2.  The appellants rely on the fact that on the survey plan of the entire parcel covered by the appellee's title a portion is enclosed in dotted lines with the notation "claimed by Vicente Aboratigue," and, in relation thereto, on the following words on the certi­ficate itself:  "a parcel of land (plan 11-7482) with all buildings and improvements, except those herein ex­pressly noted as belonging to other persons x x x."

(a)  It is obvious that a mere claim cannot defeat a registered title.  Furthermore, the "claim" here is only noted on the survey plan, and such notation cannot prevail over the actual decree of registration as reproduced in the certificate.  All claims of third persons to the property must be asserted in the registration proceedings.  If any claim to a portion thereof is upheld, that portion is segregated from the property applied for, and is not included in the decree of regis­tration and certificate of title subsequently issued to the applicant.  If it is included, the claim is deemed adversely resolved with finality, subject only to a peti­tion for review of the decree within one year from its issuance on the ground of fraud, under Section 38 of the Land Registration Act.

(b)  No belabored exercise in legal hermeneutics is necessary to arrive at the conclusion, as the trial court did, that the exception in the appellee's title relied upon by the appellants refers not to the land but only to buildings and improvements thereon, and then only to such as are noted on the certificate itself and not on any extraneous document.

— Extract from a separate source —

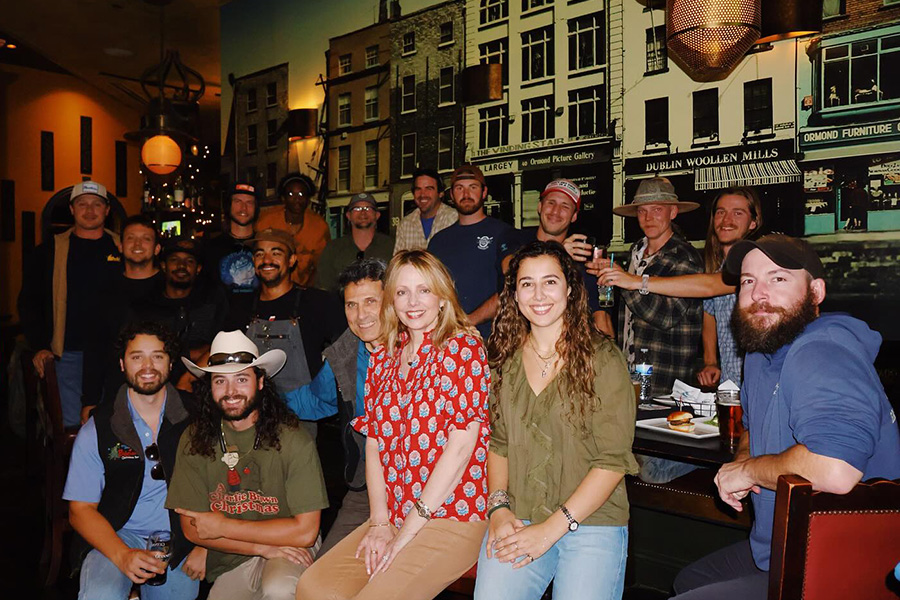 Jimbo Livaditis (bottom, third from left) and his wife Leigh Ann, along with their children John, Lucas, and Anastasia, gather with their team in November to kick off the 2025 season.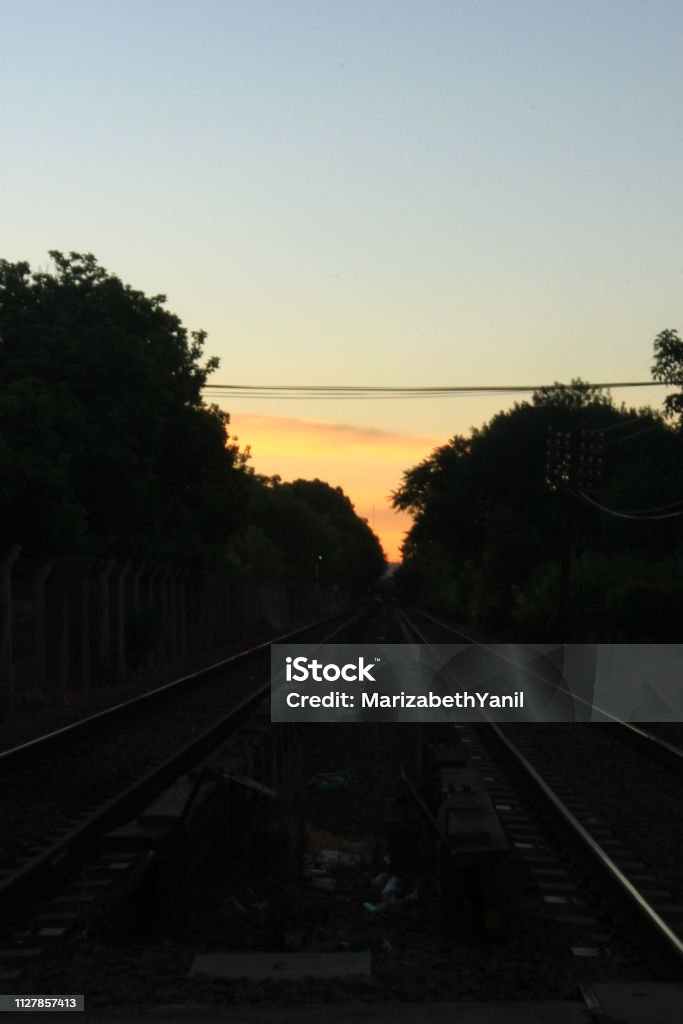 VIEWS OF TRAIN TRACK IN FRONT WITH SUNSET IN THE BACKGROUND FRONT VIEW OF TRAIN TRACKS, WITH TREES ON THE SIDES, WITH CLEAR SKY IN THE BACKGROUND, AT SUNSET Argentina Stock Photo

The rule is that the owner of buildings and improve­ments should claim them during the proceedings for registration and the fact of ownership, if upheld by the court, must be noted on the face of the certificate.  There is no such notation here in favor of the appellants.  However, inasmuch as the improvements in the disputed area have been acknowledged by plaintiff in her complaint as belonging to the appellants predecessor-in-interest, and the lower court's decision allowing them to recover the value of the improvements is not now in question, this right of the appellants must be upheld.  The trial court has left the determination of such value to mutual agree­ment between the parties.  This disposition should be modified in the sense that if they fail to agree, the matter should be submitted to the said court for hearing and adjudication.

With that modification above indicated, the judgment appealed from is affirmed, with costs.

Reyes, J.B.L., Acting C.J., Dizon, Fernando, Teehankee, Barredo, Villamor, and Makasiar, JJ., concur.
Zaldivar and Castro, J., did not take part.
Concepcion, C.J., on leave.



[1] Civil Case No. 309, Court of First Instance of Palawan, filed on August 26, 1958.